What's really disturbing the DUP is that if and when the Conservative/UUP link-up succeeds, then Northern Ireland politics will inevitably be pulled towards the secular, non-communal variety practiced on the mainland; people in Northern Irish constituencies will be voting on the same issues which concern our fellow citizens in English, Scottish and Welsh constituencies. In other words, what is really disturbing them is the risk that politics here may be on the verge of becoming more....British and less Ulster.
4 comments:
I think maybe the DUP is trying to ape the CSU - the Bavarian Conservatives who pretty much have ruled the place since World War Two.
The CSU of course are allied to the federal CDU which does not contest elections in Bavaria.
However the CSU has acted - although federalist - as guarantors of Bavaria's "otherness" from Germany.
They were behind symbolically rejecting the federal constitution of the then West Germany on the grounds it was too centralised (the only German state to do so), saying they would obey the constitution grudgingly and to be contrary declared the state uniquely (till Saxony did the same upon reunification) as the Free State of Bavaria.
Another example of contriariness by CSU politicians is airport security. As border control is under the jurisdiction of the federal border police, all German states apart from Bavaria have left all security functions in the airports (both international and domestic) to the federal police rather than pay their own police to do it.

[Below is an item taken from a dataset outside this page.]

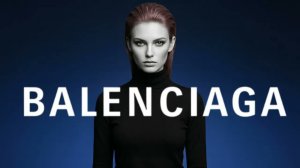Balenciaga In Store Music Background Luxury Fashion Playlist May 2026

The Bavarians insist that the federal police only do what they are there to do - check passports - and all other security functions in airports are dealt with by the Bavarian police as a symbolic "screw you" to the federal authorities.
Strangely whilst it is federalist, it is the sybling of the minor sepratist Bavaria Party. Both parties claim descent from the regionalist Bavarian People's Party of the Weimar period. This in turn claimed descent from the hard-line Patriot Party that was opposed to the German union of 1871.
And who would be the DUP's CDU? There isn't one basically they are completely radio-active, the main parties will do sordid deals with them over 42 Days, Abortion etc but a link up as is the case in Bavaria? No way.
Actually, early on that was the kind of future foreseen with the COnservatives/UUP link-up, but I think things have moved onto a higher level seen.
And I remember well, the CSU took a thumping at the state polls recently?
he fact that a locally accountable minister was in post at Stormont making these decisions...
I'm not sure how any minister in Stormont could be considered 'accountable'.
The CSU did take a thumping - but still in power as they have been for 60 years.
Not even the UK Tories have achieved that - and the CSU have had to always compete in a PR system.